*** Information provided ***

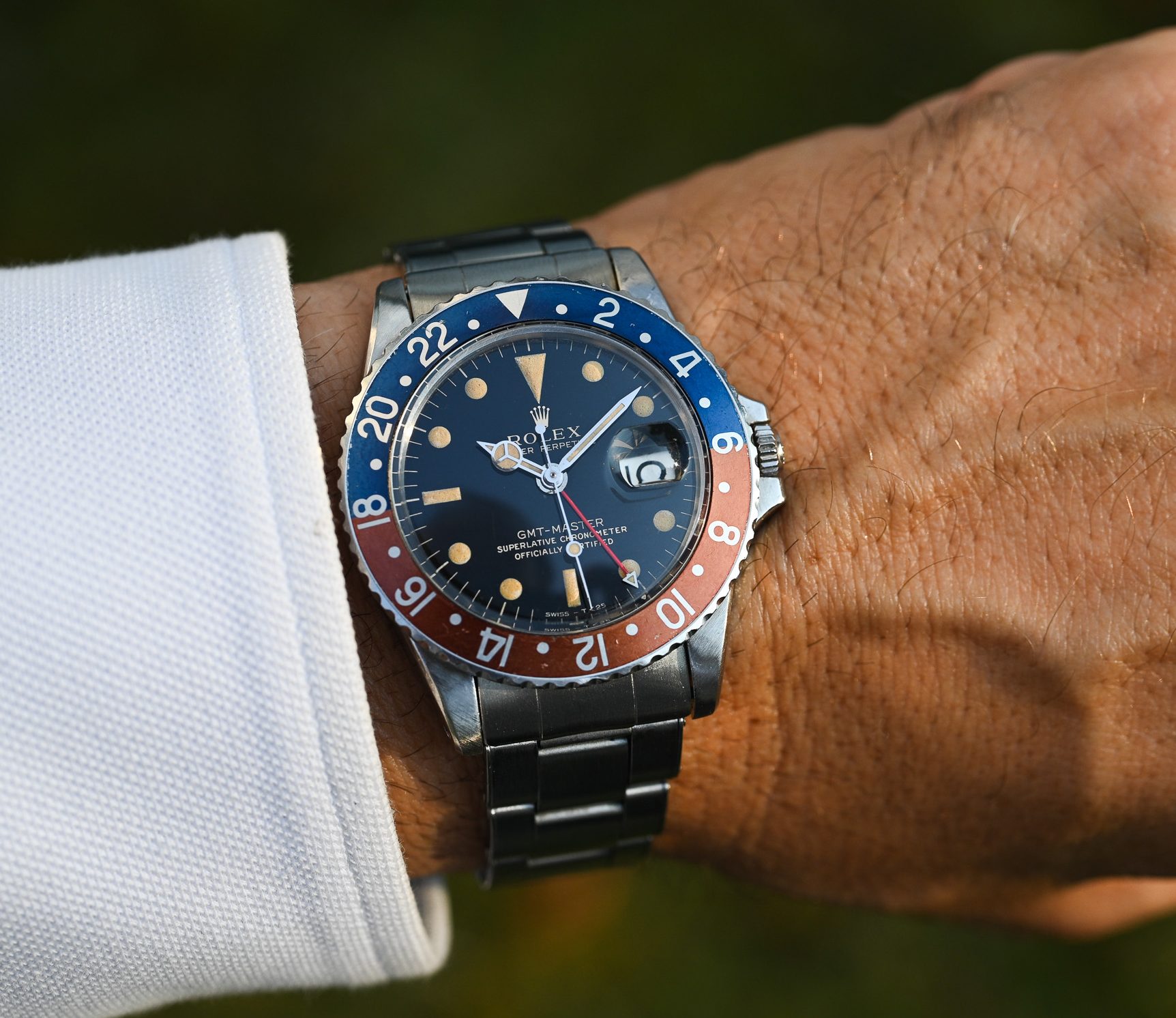 Rolex GMT 1675 Gilt mit Fullgloss Zifferblatt und Traumpatina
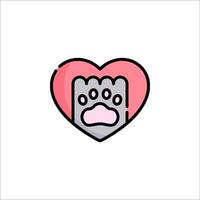 A heart with a paw on it, with a pink background vector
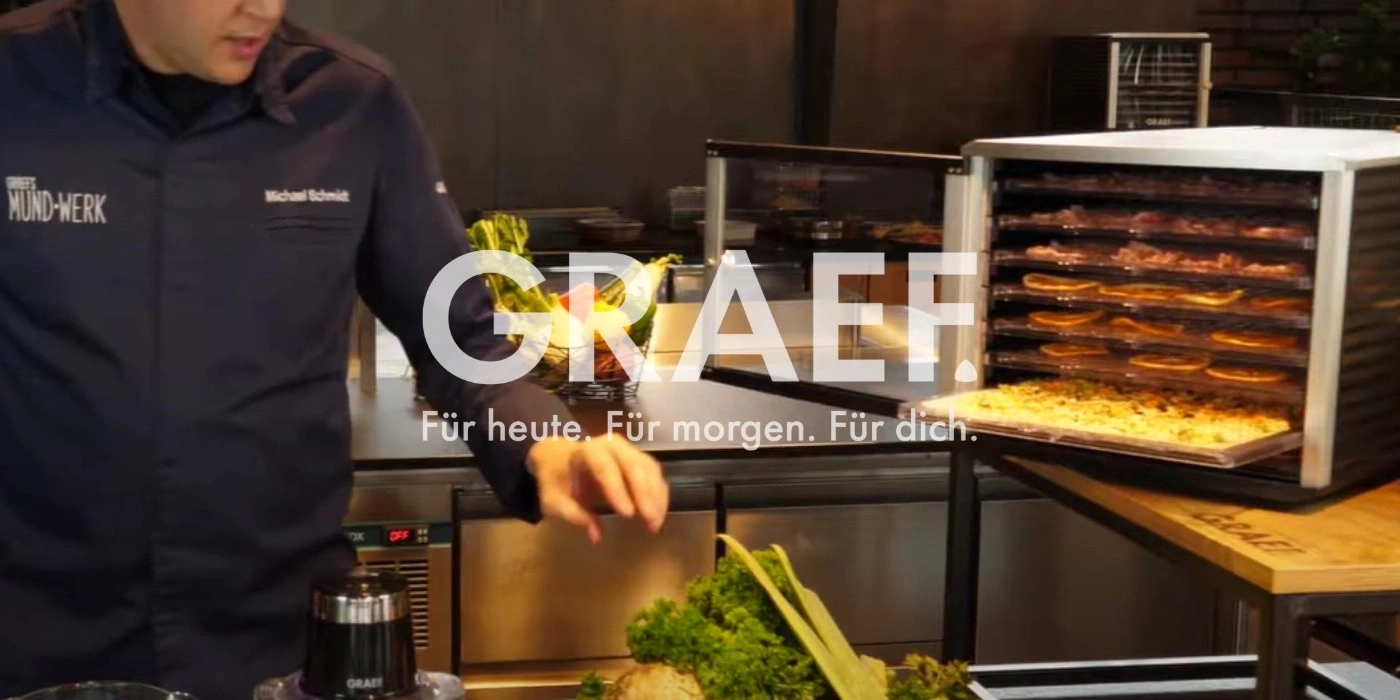 Man with GRAEF appliances, text: For today. For tomorrow. For you.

*** End of Information provided ***

Please return all of the material above exactly, minus any pictures.

Output of the task:
 Rolex GMT 1675 Gilt mit Fullgloss Zifferblatt und Traumpatina
 A heart with a paw on it, with a pink background vector
 Man with GRAEF appliances, text: For today. For tomorrow. For you.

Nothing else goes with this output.